The most powerful entrepreneurial lobbies have been focused on stopping a proposed roll back of favorable tax treatment of gains on qualified small business stock contained in the Build Back Better legislation – an issue that affects successful high-tech ventures and their investors. Venture-backed startups represent about 1% of all startups in the United States, but the successful outliers are some of the fastest-growing companies.
“The upshot is, not only is there no new assistance being contemplated as far as I know, but the change in the tax treatment of QSBS will undermine new and small businesses by reducing the incentive for investors to invest in startups and undermining the ability of startups to attract the skilled talent they need,” Dearie said.
Dearie is working with groups such as the National Venture Capital Association and the Angel Capital Association to lobby against the roll back.

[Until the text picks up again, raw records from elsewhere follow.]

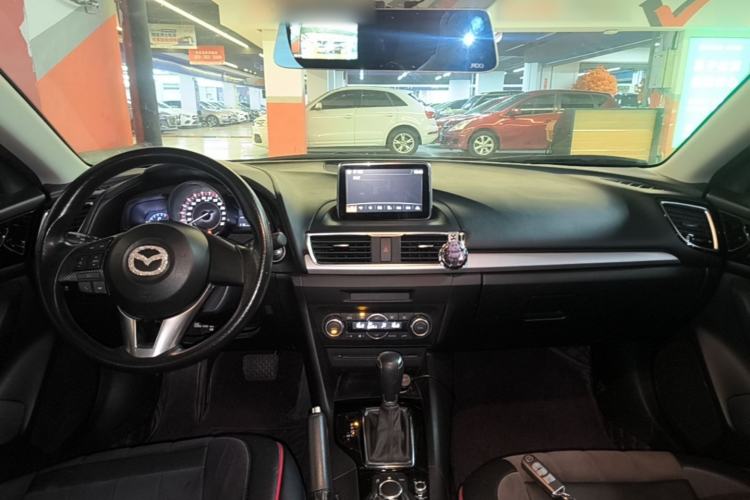 Used Mazda 3 Axela 2016 Sedan 1.5L Automatic Luxury Model Center Console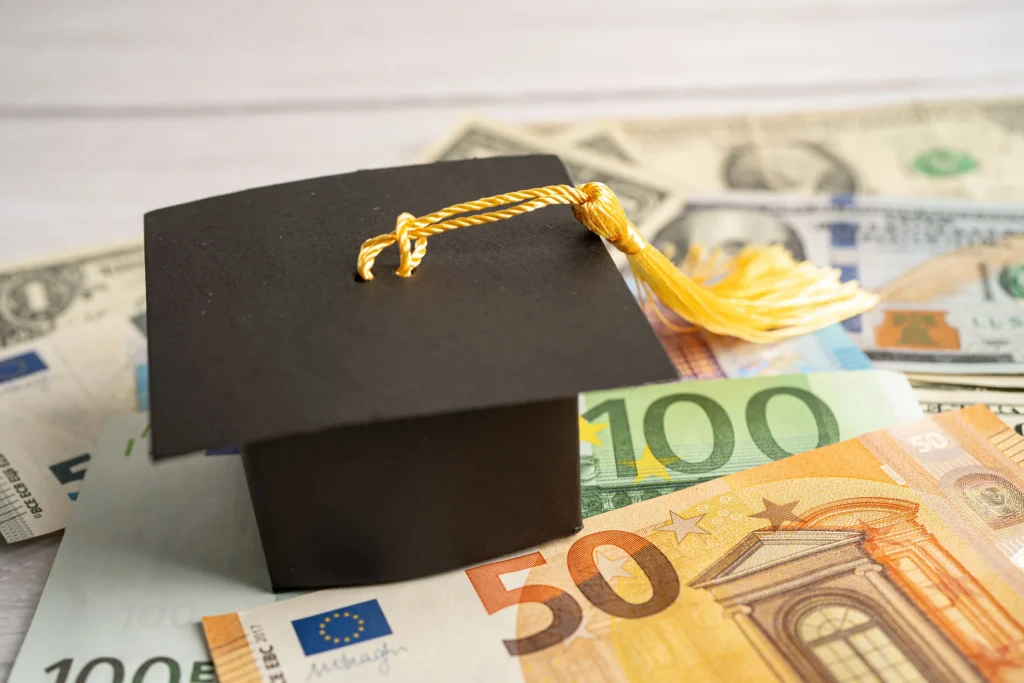 Φοιτητικό επίδομα 2023: Ποιοι είναι οι δικαιούχοι 2.000 ευρώ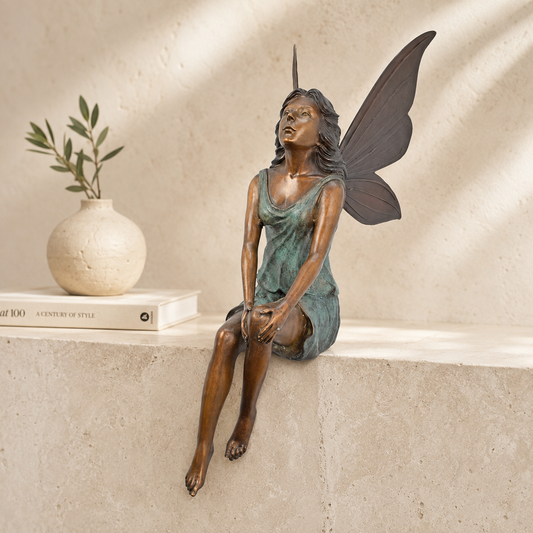 Sculpture fée assise en bronze patiné à poser sur rebord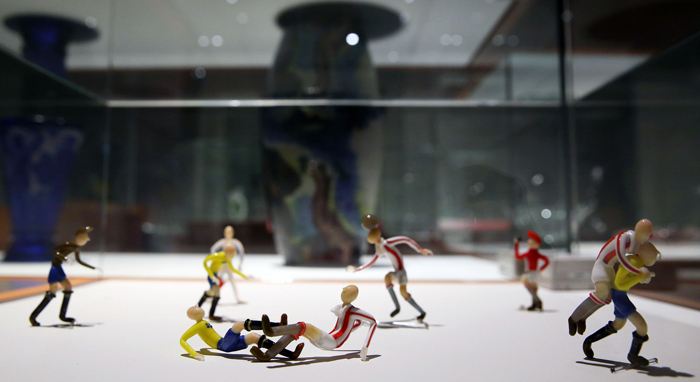 Figures 'Czechoslovakia Vs. Sweden' by Jaroslav Brychta (1895-1971) 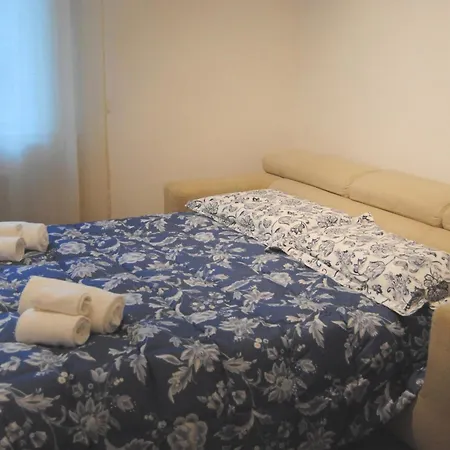 Appio Claudio Con Corte Esclusiva I Metro A *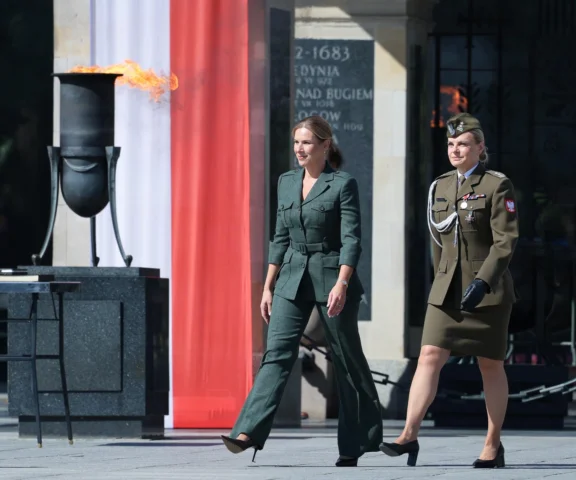 Marta Nawrocka na defiladzie. Ten garnitur to strzał w dziesiątkę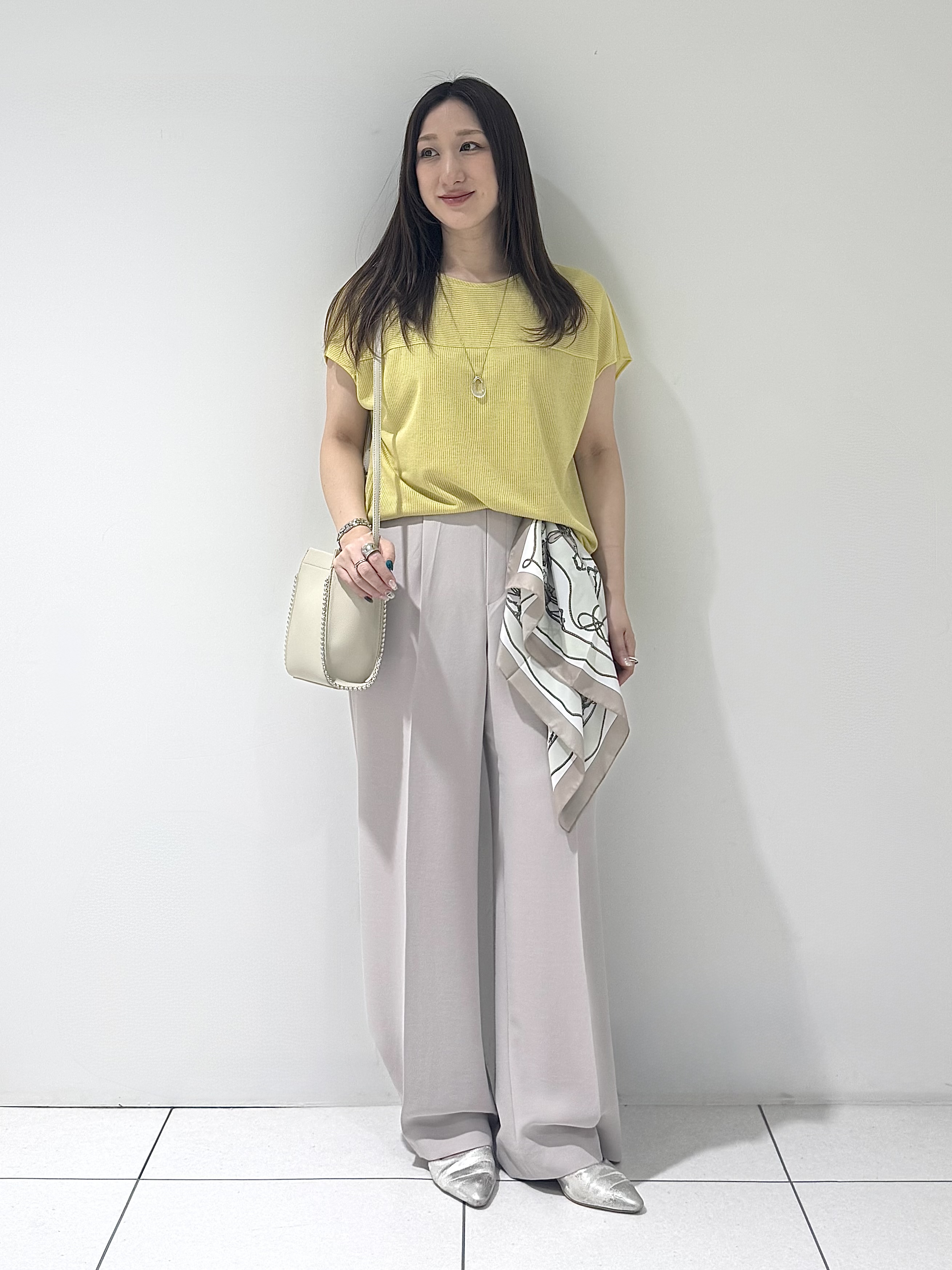 そんさんの「INDIVI｜【洗える／アンサンブル可能】シアースストライプトップス」を使ったコーディネート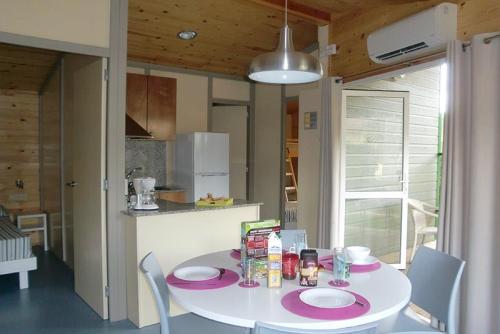 Stel Camping & Bungalow Resort - BUNGALOW STEL LUXE-5 air-conditioning + Car - Photo 2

Playbooks Relieve Some Tension
For LA theater manager Edward Baney, the playbook created during the pandemic is a little comforting – he rented his spaces out to TV and film producers who filmed commercials and productions there. If another lockdown were to happen, he would pivot back to that.
But it’s not without risk. Baney got lucky, he said, because two historical films wanted to rent out the two theaters he manages for more than a month each. But the business still took a 30% revenue cut, and it’s not guaranteed he’ll be able to book the spaces for that period of time again.
“If this variant gets really out of hand – which I’m crossing my fingers it doesn’t – I think we’re gonna be in big trouble if people don’t step up and get vaccinated,” Baney said.
Jennifer Jones, owner of Cosmopolitan Plated in Arlington, Virginia, shifted her community-building cooking classes online when the pandemic hit in 2020, a move that attracted new customers from 20 states, Ireland and the UK, she said. She taught more of her classes, which aim to bond colleagues, friends and family through cooking.
The digital shift was a big one for the previously in-person-only business, but now she knows the ropes (she continues to teach classes in a hybrid model, offering some in-person and some virtual experiences). What she’s most concerned about is people’s spirits.
“I have to be mindful that we had no choice in 2020 and 2021,” Jones said. “Right now, people have gotten a taste of being together and hugging and shaking hands and laughing together.” Jones plans to continue holding small in-person classes with vaccinated people.